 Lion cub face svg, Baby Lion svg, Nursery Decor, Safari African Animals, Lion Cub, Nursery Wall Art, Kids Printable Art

---

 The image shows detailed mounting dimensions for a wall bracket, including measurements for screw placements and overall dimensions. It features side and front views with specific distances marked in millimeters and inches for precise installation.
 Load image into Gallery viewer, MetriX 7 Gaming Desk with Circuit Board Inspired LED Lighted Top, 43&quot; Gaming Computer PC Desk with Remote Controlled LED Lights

## Work instructions
Which of the lines in the data contain the string "with"? Return each one.

## Answer section
 The image shows detailed mounting dimensions for a wall bracket, including measurements for screw placements and overall dimensions. It features side and front views with specific distances marked in millimeters and inches for precise installation.
 Load image into Gallery viewer, MetriX 7 Gaming Desk with Circuit Board Inspired LED Lighted Top, 43&quot; Gaming Computer PC Desk with Remote Controlled LED Lights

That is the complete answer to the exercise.